> _Brief_:
Reproduce each entry exactly as it reads. Leave the images out.

[Captioned web images]

■ ■ ■ ■

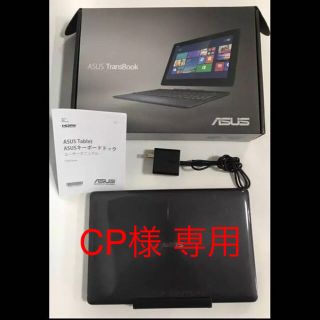 エイスース(ASUS)の10.1型ノートPC ASUS TransBook T100TAFグレー(ノートPC)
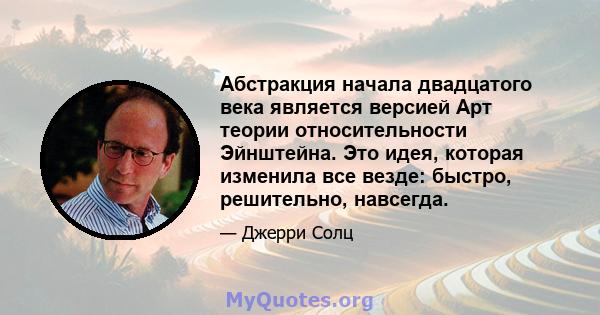 Абстракция начала двадцатого века является версией Арт теории относительности Эйнштейна. Это идея, которая изменила все везде: быстро, решительно, навсегда.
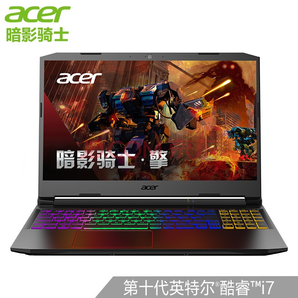 24日0点： Acer 宏碁 暗影骑士·擎 15.6英寸游戏本（i7-10750H、16GB、512GB、RTX3060） 7699元包邮（需定金100元，3月1日0点付尾款）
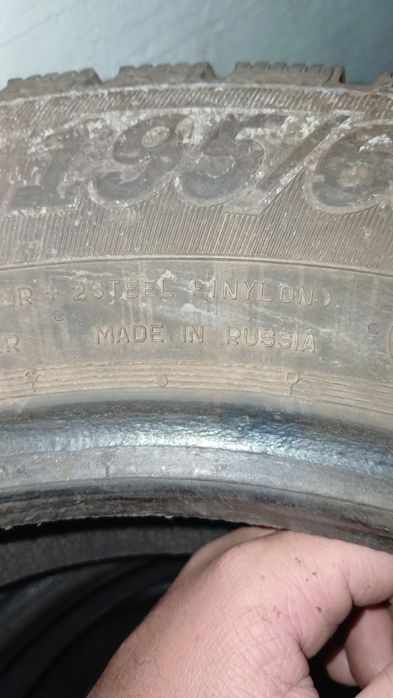 Состоиениеси жаксы
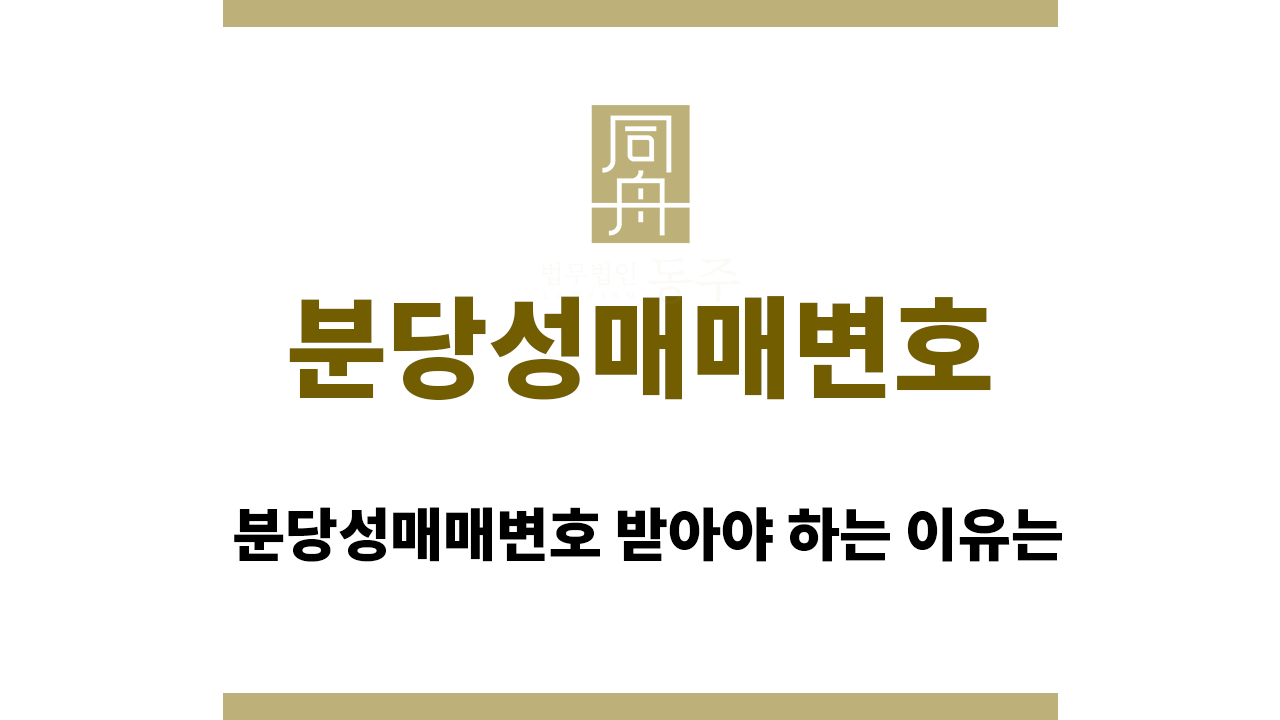 37b8568ae5bb0f936e2636f30a9e99dd_1760079579_9085.png 분당성매매변호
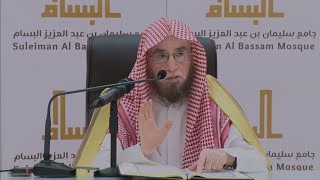 صورة 7- تفسير القرآن بجامع البسام | سورة الصافات ١-١٠  | الشيخ أ.د يوسف الشبل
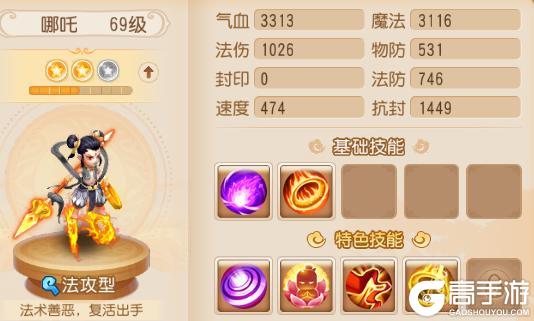 《梦幻西游》这款永久助战外观我不允许你还没拿到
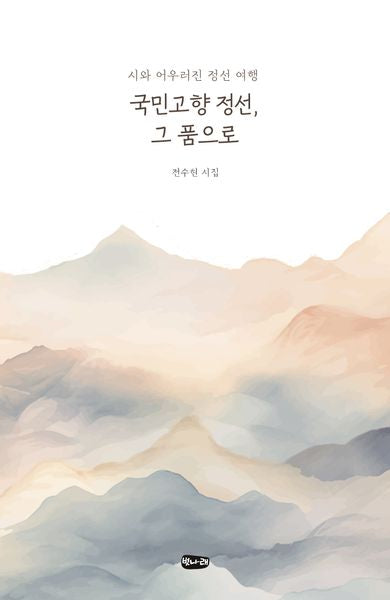 국민고향 정선, 그 품으로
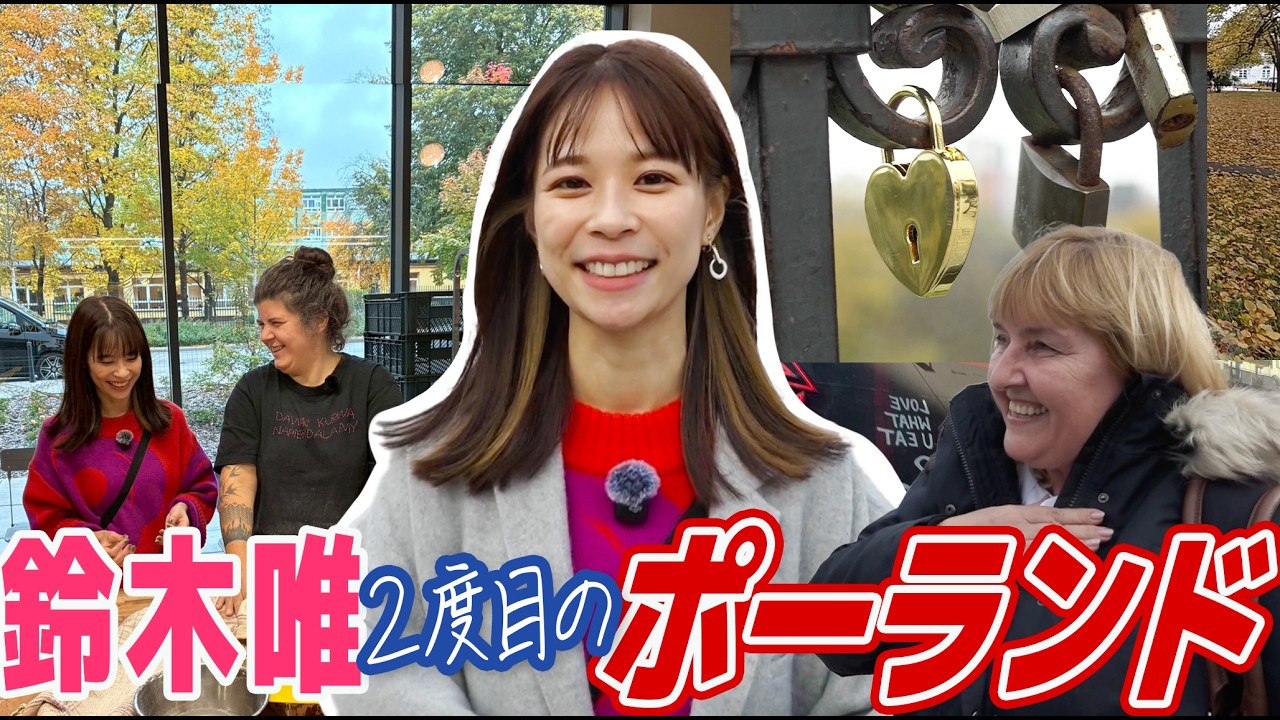 【フジ鈴木唯①】２年連続２度目のポーランド！アンナさんと感動再会！ワルシャワの街が19世紀にタイムスリップ＆NEW OPENのパン屋さんへ突撃！念願の聖十字架教会へ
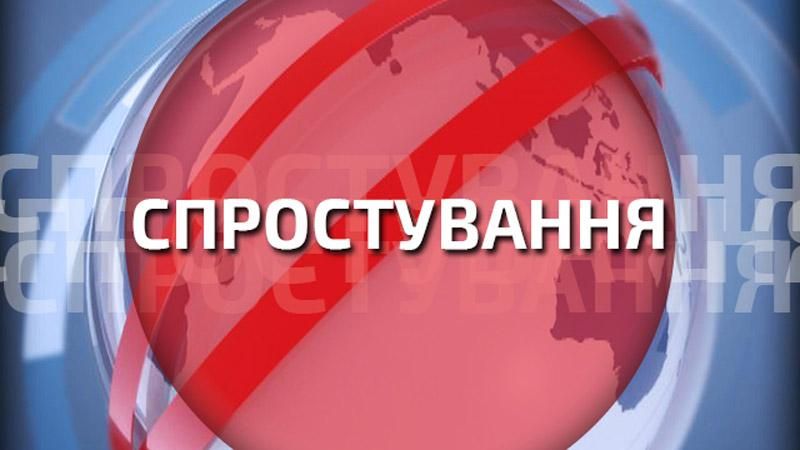 Спростування інформації - 15 квітня 2015 - Телеканал новин 24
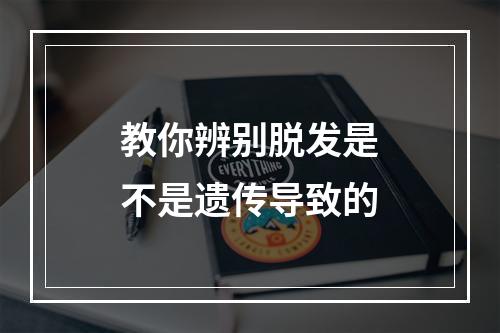 教你辨别脱发是不是遗传导致的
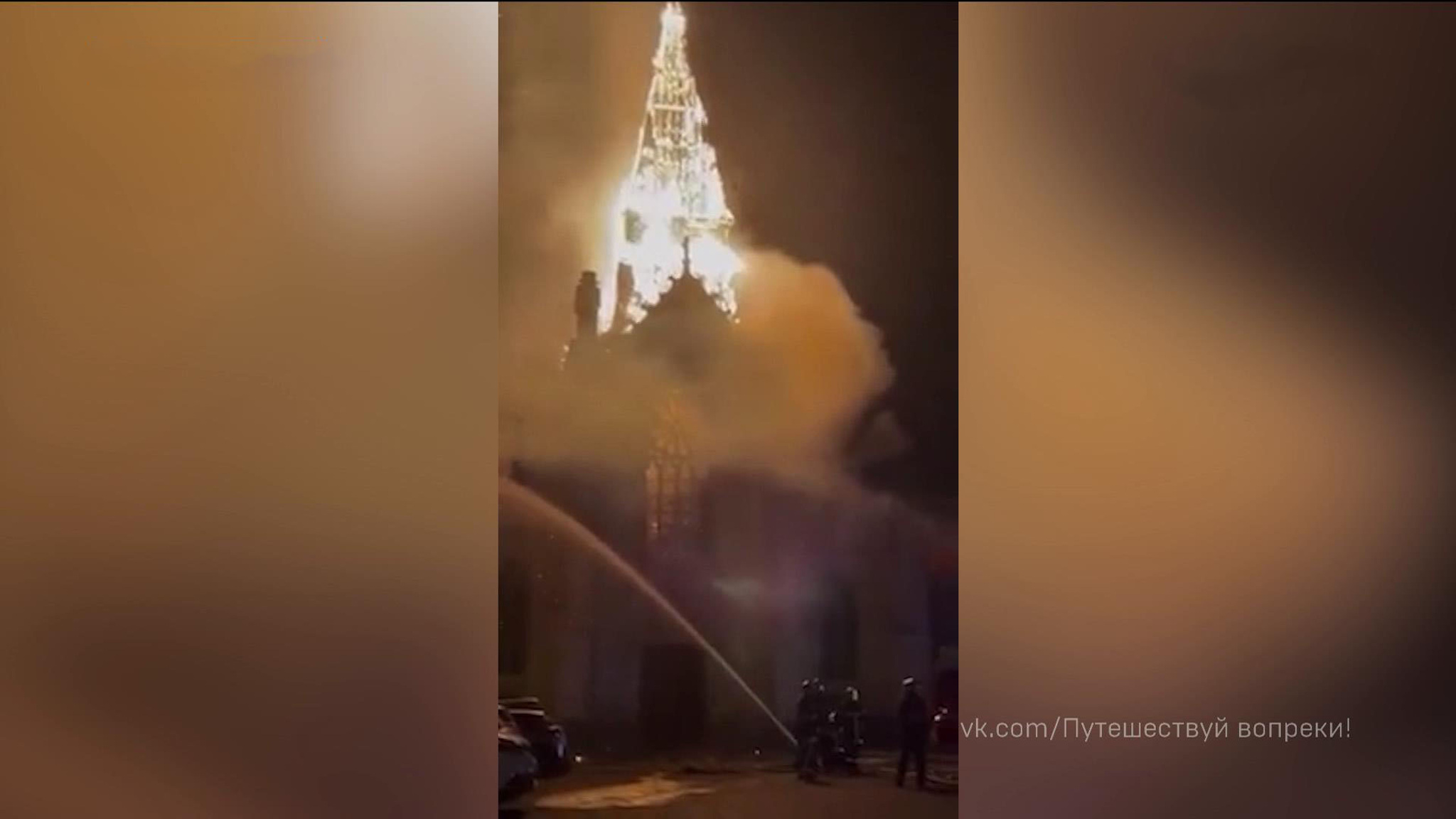 Церковь Непорочного зачатия сгорела на севере Франции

■ ■ ■ ■

> _Solution_:
 エイスース(ASUS)の10.1型ノートPC ASUS TransBook T100TAFグレー(ノートPC)
 Абстракция начала двадцатого века является версией Арт теории относительности Эйнштейна. Это идея, которая изменила все везде: быстро, решительно, навсегда.
 24日0点： Acer 宏碁 暗影骑士·擎 15.6英寸游戏本（i7-10750H、16GB、512GB、RTX3060） 7699元包邮（需定金100元，3月1日0点付尾款）
 Состоиениеси жаксы
 37b8568ae5bb0f936e2636f30a9e99dd_1760079579_9085.png 분당성매매변호
 صورة 7- تفسير القرآن بجامع البسام | سورة الصافات ١-١٠  | الشيخ أ.د يوسف الشبل
 《梦幻西游》这款永久助战外观我不允许你还没拿到
 국민고향 정선, 그 품으로
 【フジ鈴木唯①】２年連続２度目のポーランド！アンナさんと感動再会！ワルシャワの街が19世紀にタイムスリップ＆NEW OPENのパン屋さんへ突撃！念願の聖十字架教会へ
 Спростування інформації - 15 квітня 2015 - Телеканал новин 24
 教你辨别脱发是不是遗传导致的
 Церковь Непорочного зачатия сгорела на севере Франции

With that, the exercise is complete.